Kate Carlson’s “Running” is a beautifully sparely written, nearly minimalist, narrative about three young Western on the run in Athens, Greece. They are two men, who are gay, and one woman, all around twenty years old, one man from upper class England, who literally walks out of Eton one day, and meets up with a lower middle class black man from the Northern industrial slums of England.  The young woman, whose parents were killed in a car crash and who’s been raised by her 24-year old survivalist uncle in rural Washington State, probably has the most survival skills.  All three find themselves as “runners”, wherein they hop trains from, say, the Athens airport and try to hornswaggle tourists into staying at the seedy hotel for which they, in a sense, work; it’s their job to con these people out of enough money by lying to them about the alleged amenities of the hotel , for which they get a room at the very top of the building in which to live. They have found, and live in and amongst, the seediest parts of Athens. 

Their work and their interactions with naive tourists are brilliantly rendered/delineated by Carlson, as are the fights which routinely break out between and amongst various runners on these trains, all fighting for a limited amount of business–and survival.

But the relationships that develop amongst these three adolescents is utterly beautiful, as each of the three truly loves each of the other three.  The young woman is completely comfortable with the same sex relationship between the two men; there are ambiguous moments, too,  wherein she and one of the men also fall into an occasional sexual relationship. Each of the three does, really, reflect the background from which he or she came, and the rich Etonian’s inability to stop spending limited monies on luxuries is particularly well described; he is the truly self-destructive one of the three.  These three will lose one another, as they wander from place to place, but near the end, two do find one another, and will live almost paradisically for awhile on a Greek island, in some of the most beautiful writing about relationships on the lam that I’ve read since the sixties.  Running is a very powerful book, more than the reader may be prepared for; the minimalist writing is the reason for the strong emotional charge the reader will get while reading this novel.  And even though the black man will end up teaching and writing poems and stories about his life, back in New York, he will never cease longing for the other two travelers of his youth, nor will he ever find them again.

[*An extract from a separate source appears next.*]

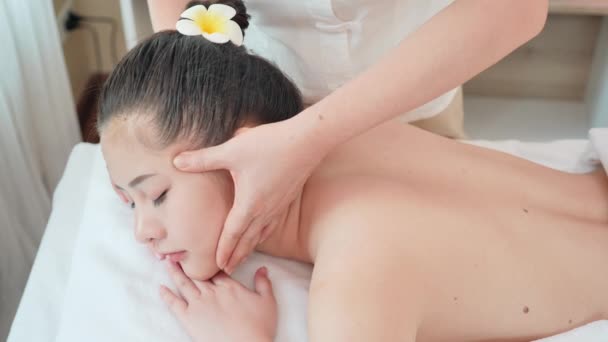 在美容院接受温泉按摩治疗的年轻亚洲女人 面部按摩 放松按摩 温泉皮肤和身体护理 慢动作 — 图库视频影像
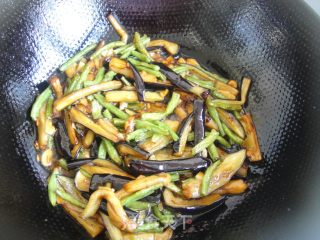 Learning is to Keep Advancing in Groping-stir-fried Eggplant with Garlic and Beans recipe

“Running” is thus a truly exceptional rite of passage novel.  The three main characters (and some of the secondary characters with whom they interact) are brilliantly rendered; we are sympathetic to them, if occasionally annoyed, too; these three really do represent a kind of floating underclass wandering around and through large urban centers all over the world, barely surviving, often on drugs and alcohol, but they possess that invulnerability so common to late teenage years, and Carlson’s got their characters so well drawn that we find ourselves really rooting for them.  You’ll be amazed at how much this novel will move you; Kate Carlson’s written quite an exceptional and strong novel in “Running”, which I recommend wholeheartedly.